Cathy G put a great image of 2 blue bottles on her website, and I thought they had a certain queasiness about them.
So I could not resist trying to paint one of the many stinging coelenterate 'bluebottles' washed up on the beach at the weekend. I brought one up to the house in a bag full of sand, as I didn't want to be stung ... the main stinging tentacle is some feet long! I put it to wash in fresh water with salt, where it immediately shed a huge quantity of blue stuff. It was already dead, I'm sure.
Not in great health anyway, because after trying a couple of watercolour portraits, it smelt so bad I had to go and pop it and bury it!

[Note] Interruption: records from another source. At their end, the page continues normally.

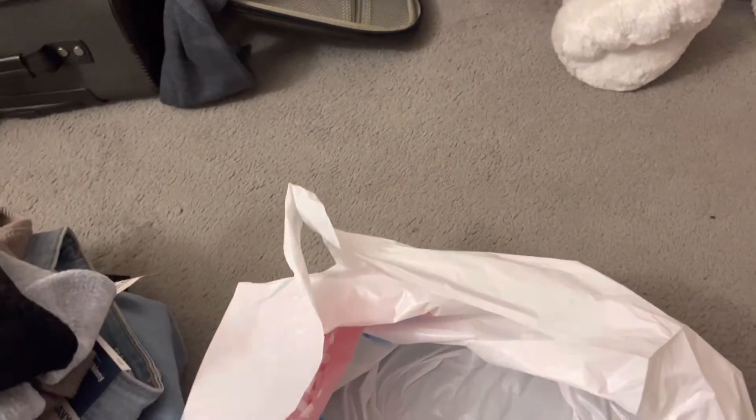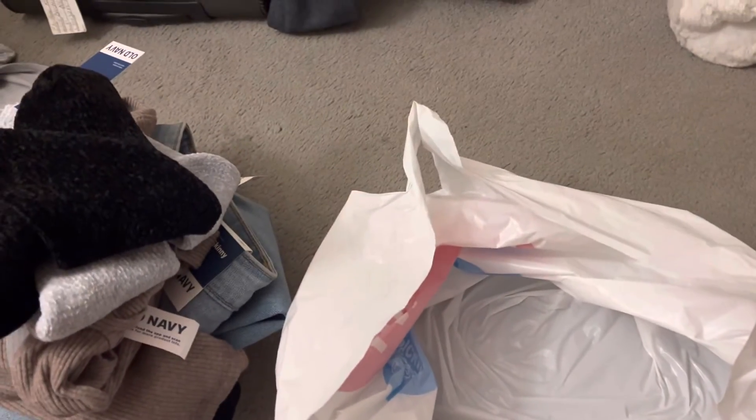And then lastly, I got two pairs of crew socks — these ones in a grayish blue color, and then a basic black pair. So yeah, that is everything that I bought from Old Navy, hope you all enjoyed today's video.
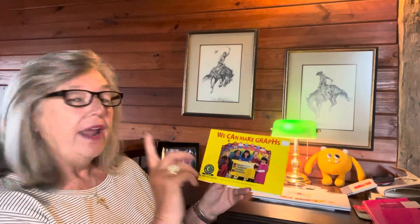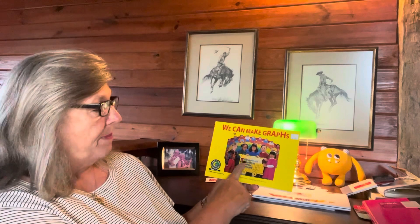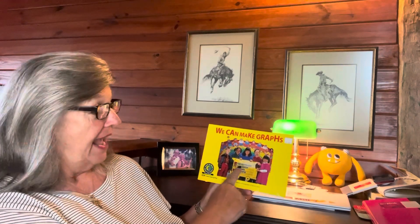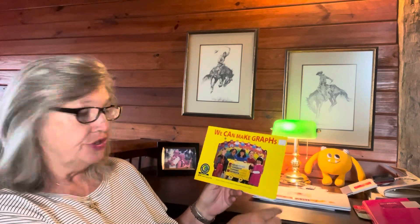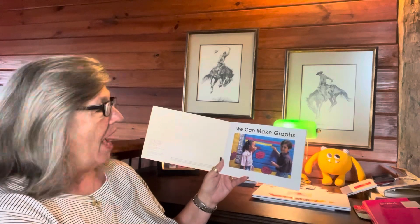So we're going to talk about today: we can make graphs, and then we read the graphs. We make a graph here, we put whatever it is and how many going across. We can make graphs.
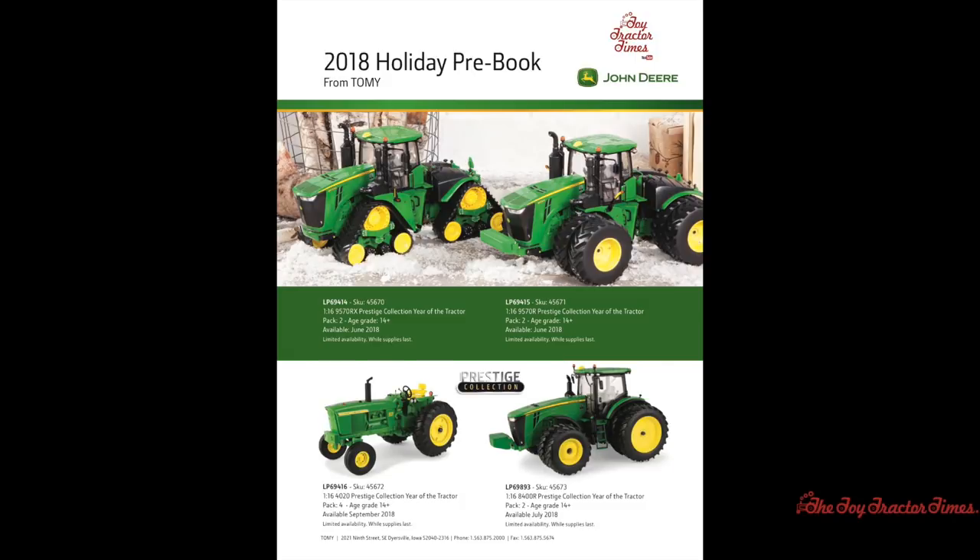Are you ready to start your 2018 Christmas shopping list a few months early? John Deere and Ertl have just released their 2018 holiday pre-book with several new releases in 1/16th scale, 1/64th scale, 1/50th scale, and several items in the Big Farm Country line. Let's take a look at what's new in the catalog.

For the sake of the record, but not posterity, here's a photo of my terribly bad efforts, and the model. Not such a great idea after all!
8 comments:
Ah memories! Side stepping blue bottles on Sunrise Beach, Muizenberg! Their delicate construction, colour and shape certainly lend themselves to the eye of the watercolourist (and the biologist!) I can't believe how glad I am to see them again albeit safely on cyber 'paper.' Your w/c allows me to enjoy their prettiness and forget the sting. (Never mind the pong!) Glad you had a lovely time at Yl-up.

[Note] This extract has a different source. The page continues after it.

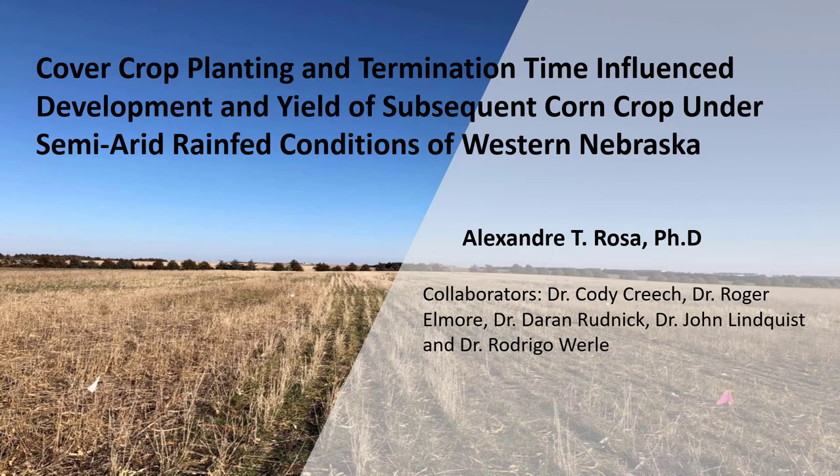Hello, everyone. My name is Alex Rosa. I am a postdoctoral research associate at the University of Wisconsin-Madison, and today I would like to share with you a summary of one of my chapters during my PhD program at the University of Nebraska-Lincoln. This project is entitled Cover Crop Planting and Termination Time Influenced Development and Yield of Subsequent Corn Crop under semi-arid rain-fed conditions of western Nebraska.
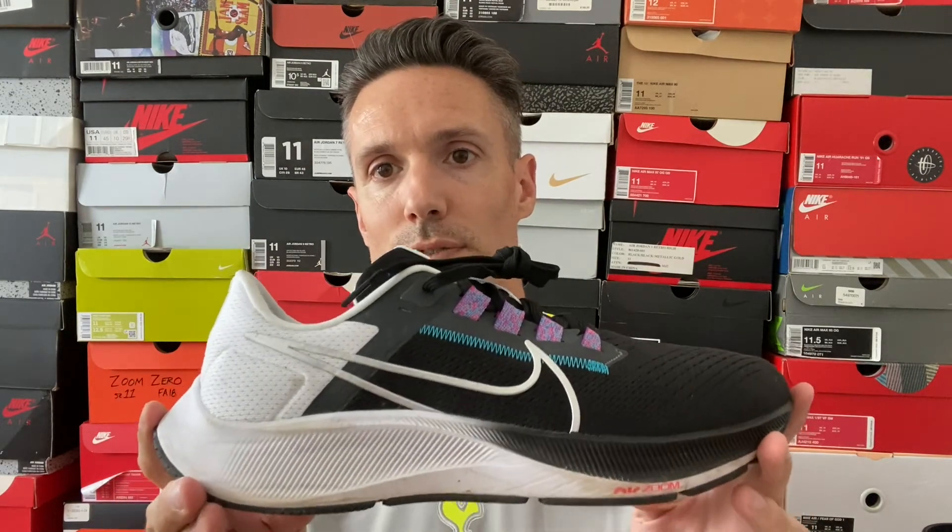Up next is another shoe pretty much anyone can wear: the Pegasus 38. It's an awesome shoe for just a normal type of run. A lot of Olympians use these to train in, as well as normal runners. They have React cushioning in the heel and Zoom Air in the forefoot — really great for propelling forward. Mesh upper, and not as much arch support, but definitely a supportive shoe. There are usually some issues with heel slipping. The 37 was a lot worse, so these are definitely an upgrade. This one is a little softer than the 37, so just be aware of that.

Well your paintings of them don't look that terribly bad to me... though hard to tell at that angle, which I guess is the point! ;o) I wonder if you could paint with the blue that comes out of them, except you'd have a stinky painting! You know it's time to get to a beach when even the bluebottles make you nostalgic!

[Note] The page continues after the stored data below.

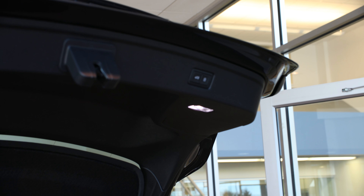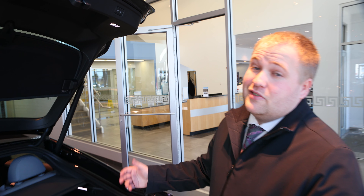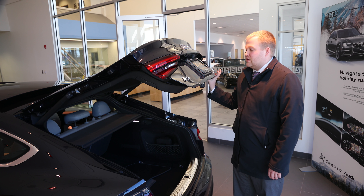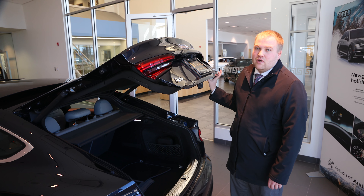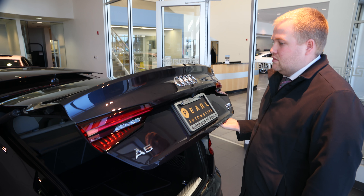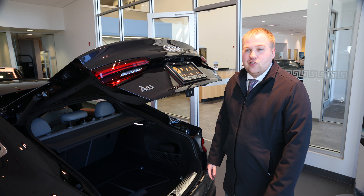It's a feature that allows us to regulate how high the trunk goes. If you're in a low-hanging garage, if you're wearing suit coats, or if you're vertically challenged and can't quite get all the way up there to that button, you can set it as low as you want. You just hold the button for five seconds and now whenever I'm opening it, it's only going to go to the height that you set it to.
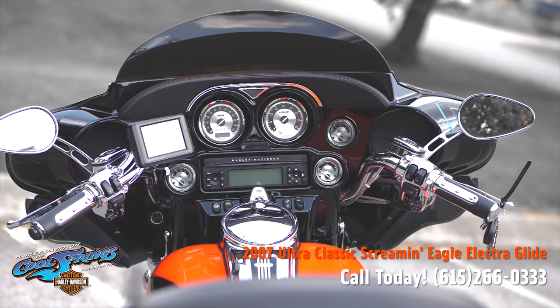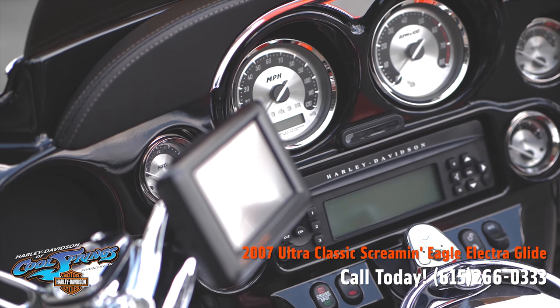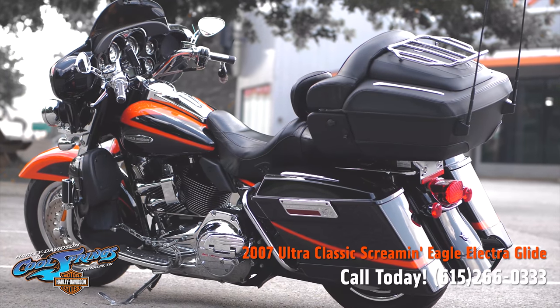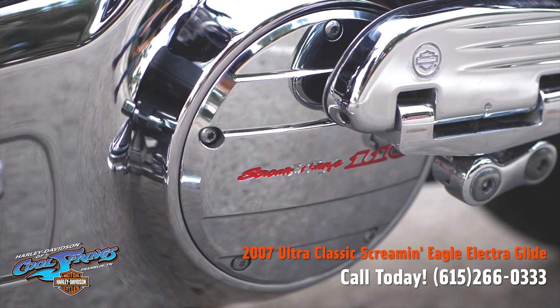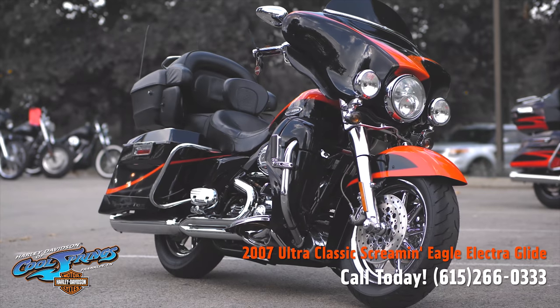This one here is ready to go across country whenever you are. It is really, really a beautiful CVO that you have to come in to see to understand what excellent condition this bike is in.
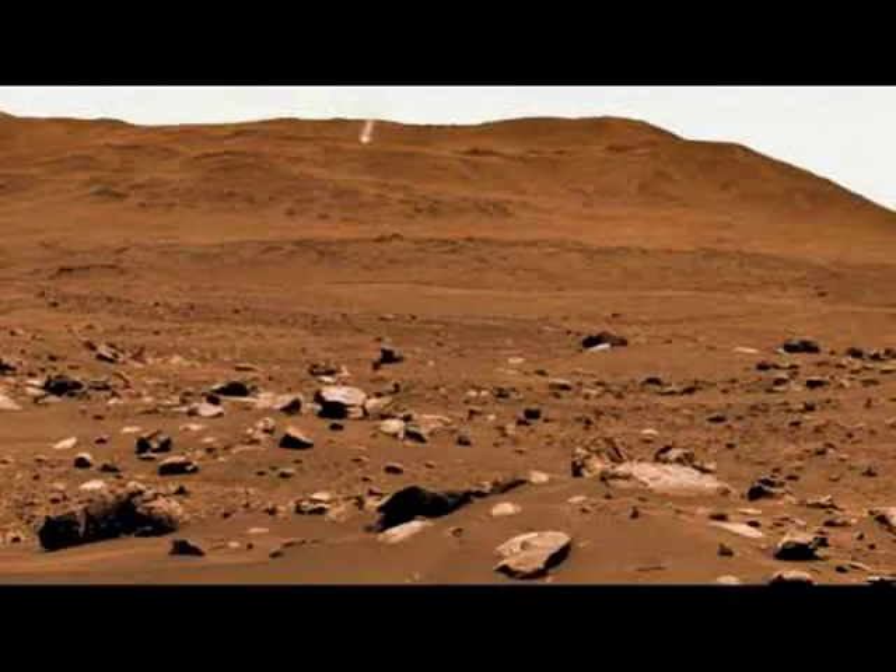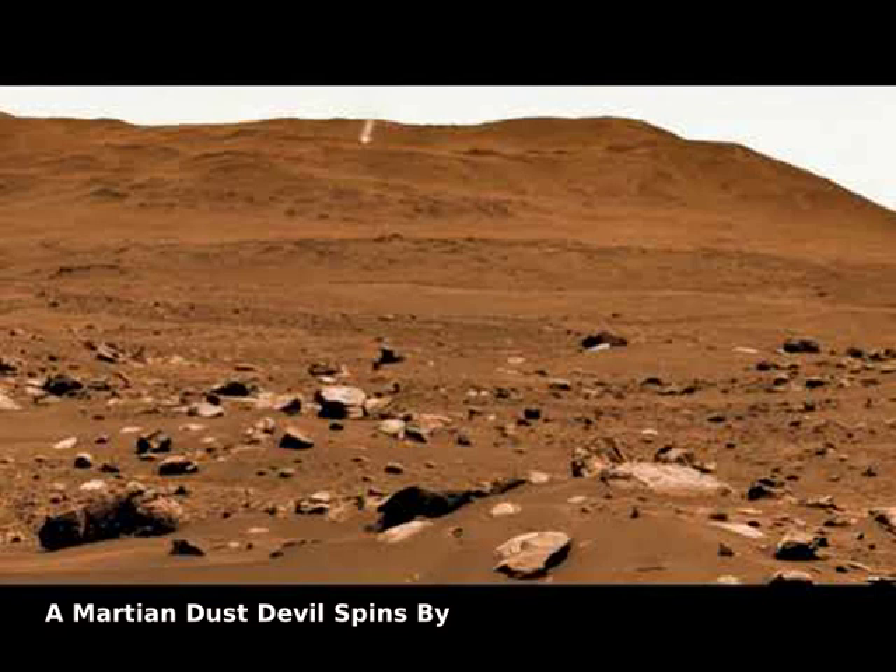It moved across the surface of Mars. What was it? A dust devil. Such spinning columns of rising air are heated by the warm surface and are also common in warm and dry areas on planet Earth.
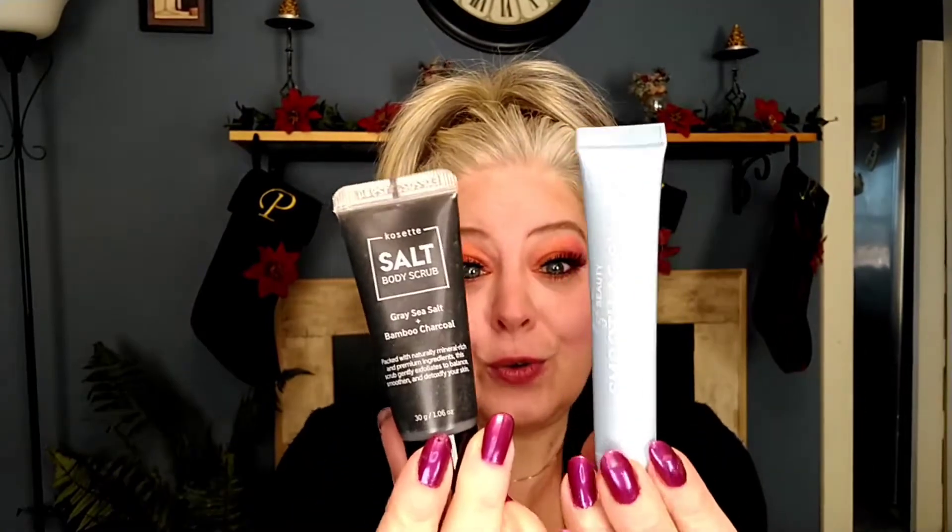On Black Friday, buy an add-on and get three dollars off. My three-dollar add-on was two bottles — these were five together but marked down to three. So I've got a salt body scrub: gray sea salt and bamboo charcoal. I'm gonna give that a try — nice body scrub. This is Smooth as Silk.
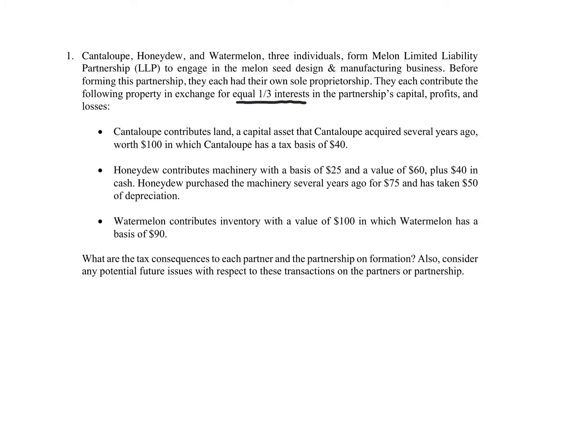With respect to the partnership, under Section 721, the partnership has no gain or loss recognized. Why? Because the partnership is giving up partnership interest — one-third, one-third, one-third — and getting property. We've got land, machinery, cash, and inventory, all considered property. So the partnership has no gain or loss.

Euuuuuu! We live in land locked New Mexico. Never heard of these. They look and sound pretty awful. The painting looks fine. :)
These are really cool!! Wet and mysterious ...
I see you mastered the blogroll! Thanks for including me.
(If you click on "Customize" at the top right of your blog; then "add or arrange page elements" then "add a gadget"--a whole bunch of neato things you can clog your sidebar with will appear!)
Thanks for comments, Gillian, Cathy, Jo and Laura.
I'd like to say that the photo did not do justice to the paintings, but they really are very bad. Flat and shapeless.Nice blues! I could not get the white to describe the ballooning as well as the pales to describe the transparency; when I did have whites the hard edge was wrong, and the softening washed them out to more blue.I should try from the photo as an exercise in perseverance. It was really a seduction by the blue and Cath's bottles. Glad they gave a little nostalgia anyway.
Jo, they are a smaller,less toxic relation of the Portuguese Man O' War... actually a colony of floating, stinging, feeding, digesting beasties ... all blue!
Laura, thanks for the help on the blog roll. Now the VSD is over (wow) I'll find some time to do that. As CPG says, bloggers' bum is becoming an affliction.
Oh, I love the painting, it is great from this angle of a very difficult subject. Ew, stinky still life, done that too often myself, beach findings, road kill...eugh!
What weird, cool creatures! I don't think we get them here sadly. I once spent about an hour drawing a dead starling on a pavement in Spain which got me some pretty odd looks but at least it wasn't smelling bad at that stage!
Oh dear you've all seen my bad painting.But the road-kill subject is one of universal interest, obviously! Hi Kari and Claudia. Wonderful landscapes on both your blogs... wish I could do that. I think your plein air dedication is an important element.Perhaps the bluebottles may have been better if done on the beach! And maybe not.